Os Estados Unidos enviaram navios de combate, destróieres da Marinha, aeronaves, helicópteros, cortadores da guarda costeira e aeronaves de vigilância da Força Aérea dos EUA para o mar do Caribe e sobre o mar – próximo ou nas proximidades da Venezuela.
O governo Trump afirmou que este é um esforço para combater o tráfico de drogas para os Estados Unidos, mas é fácil deduzir que os Estados Unidos têm algo mais na manga. Em 2019, a tentativa dos Estados Unidos de invadir a Venezuela e prender Maduro ficou frustrada depois que o Brasil se recusou a permitir que tropas americanas entrassem no estado de Roraima.
Além disso, vários aliados dos EUA haviam sinalizado falta de vontade de entrar em uma guerra contra a Venezuela.
Os Estados Unidos chegaram a tentar invocar o Tratado do Rio assinado com a Organização dos Estados Americanos. O Tratado do Rio, assinado em 1948, é uma aliança militar que afirma que um ataque contra um estado membro é um ataque contra todos e exige reciprocidade militar de todos os estados no caso de um estado ser atacado. Nesse contexto, os Estados Unidos enviaram tropas para a fronteira com a Colômbia, em um esforço para aumentar as tensões com a Venezuela. Maduro respondeu enviando tropas, tanques e lança-foguetes para a fronteira com a Colômbia.
Esse confronto não passou da fase de uma guerra fria. Todos prenderam a respiração sabendo que qualquer troca de tiros entre a Venezuela e a Colômbia se transformaria rapidamente em uma guerra total entre os dois países – invocando o Tratado do Rio e forçando outras nações a se unirem aos Estados Unidos para derrubar Maduro. Mas a Colômbia e a Venezuela são países irmãos – eles não são apenas geograficamente próximos, mas também compartilham fortes laços fraternos.

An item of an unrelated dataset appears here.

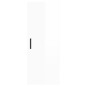 vidaXL Highboard Hochglanz-Weiß 34,5x34x180 cm Holzwerkstoff vidaXL Highboard Hochglanz-Weiß 34,5x34x180 cm Holzwerkstoff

De fato, a Colômbia permitiu a passagem de milhões de refugiados venezuelanos.
Quando Maduro enviou tropas para a fronteira com a Colômbia – quase todos os venezuelanos estavam confiantes de que isso nunca se tornaria um conflito real por causa dos laços de amizade existentes entre os dois países. No entanto, o presidente colombiano, Ivan Duque, expressou repetidamente seu desgosto por Maduro – que por sua vez acusou o presidente colombiano de conspirar com os Estados Unidos para invadir a Venezuela. Ivan Duque chamou Nicolas Maduro de “louco” e “ameaça a toda a região”.
Todas as outras opções para atacar a Venezuela fracassaram, o governo Trump levantou novas acusações contra Maduro, acusando-o de narcoterrorismo, de canalizar drogas para os Estados Unidos e, assim, destruir a vida dos americanos. Alguns dias após as acusações, os Estados Unidos enviaram navios de guerra para o quintal da Venezuela. É uma indicação clara de que os Estados Unidos estão mais uma vez preparando o terreno para uma invasão militar.
Mas a pergunta aqui é: “será bem sucedido?” Se abstraímos das ações dos Estados Unidos no Iraque – em 2003, na guerra para prender Saddam Hussain, é fácil ver que, quando os Estados Unidos estão empenhados em fazer alguma coisa, eles fazem independentemente do que o mundo pensa. E os Estados Unidos com certeza parecem inclinados a remover Maduro do poder.
A outra pergunta é: como a Rússia, a China e o Irã reagirão a isso? E quais serão as consequências?